Existe-t-il d’autre monde dans l’univers ?

Existe t’il d’autres univers ?

Avec la découverte récente de la planète Kepler-186f, située en dehors du système solaire, nous savons désormais que la Terre possède des « sœurs » dans l’univers. Il y a donc quelque part « un autre monde ».

Mais cette expression peut se comprendre de diverses façons : autre Terre, autre univers, autre dimension…

Ces concepts qui semblent tout droit sortis d’un roman de science-fiction font, pour certains d’entre eux, l’objet de spéculations depuis l’Antiquité grecque. Ce qui ne les empêche pas d’être au cœur d’un débat très actuel où se joue la nature même de la science.

Qu’est-ce qu’un autre monde ?

Existe-t-il quelque part un autre monde ? Prise dans un sens spirituel ou religieux, cette question est bien sûr très ancienne, peut-être aussi ancienne que l’humanité et a donné lieu à des interprétations variées, que nous n’évoquerons pas ici.

Au sein de la science comprise en un sens large qui inclut la philosophie naturelle, l’idée d’une pluralité de cosmos est due aux philosophes atomistes de Grèce antique, selon lesquels l’univers est constitué d’atomes en perpétuel mouvement dans un vide infini. Les chocs aléatoires des atomes auraient formé non seulement notre cosmos, c’est-à-dire la Terre et tous les astres que nous pouvons apercevoir, mais une infinité d’autres.

Certains sont en train de naître, d’autres se désagrègent, certains sont peuplés, d’autres non.
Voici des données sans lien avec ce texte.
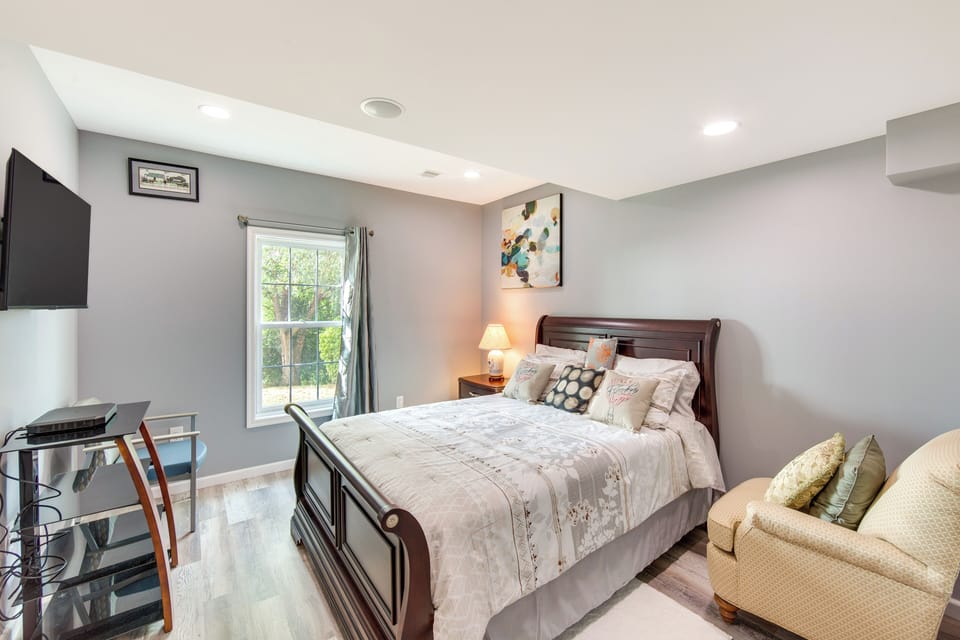 Mountville Rental w/ Private Patio & Gas Grill! Apartment in Pennsylvania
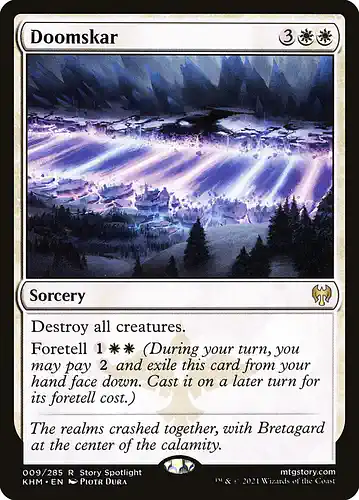 Doomskar - khm Spoiler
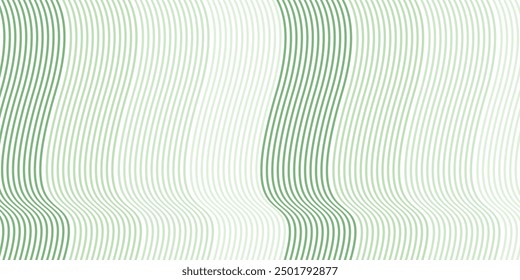 Gradient green line pattern vector ilustration geometric-pattern, seamless-pattern, abstract-pattern background simple design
Ils peuvent contenir un ou plusieurs soleils, voire aucun, et leur forme est absolument quelconque.

L’histoire de la cosmologie :

cosmos l'autre mondeCette cosmologie saisissante est combattue avec la plus grande vigueur par Aristote. Ce dernier récuse l’existence du vide et des atomes, qu’il remplace par une matière continue constituée de quatre éléments (feu, air, terre, eau). En outre, chaque élément possède un lieu naturel vers lequel il est attiré. En utilisant ce principe, Aristote peut réfuter l’existence d’autres mondes : l’élément terre d’un tel monde serait attiré par le centre de notre Terre, cœur de l’univers.

La question de la pluralité des mondes est beaucoup débattue dans les universités médiévales, notamment à cause de sa répercussion théologique. Pour certains scolastiques, comme Albert le Grand, l’un des plus grands érudits du XIII siècle, les arguments d’Aristote ont force de démonstration logique, et ils en tirent la conclusion qu’il serait impossible que Dieu ait créé plusieurs mondes.

Pour d’autres, plus conserveurs, de telles allégations relèvent de l’hérésie, car elles portent atteinte à la toute-puissance divine. Le parti conservateur l’emporte en 1277 avec la condamnation par l’évêque de Paris, Étienne Tempier.

La sanction encourue pour professer de telles « erreurs » étant l’excommunication, la condamnation ne peut guère être prise à la légère et elle a pour effet de stimuler la critique des arguments d’Aristote en faveur de l’unicité du monde.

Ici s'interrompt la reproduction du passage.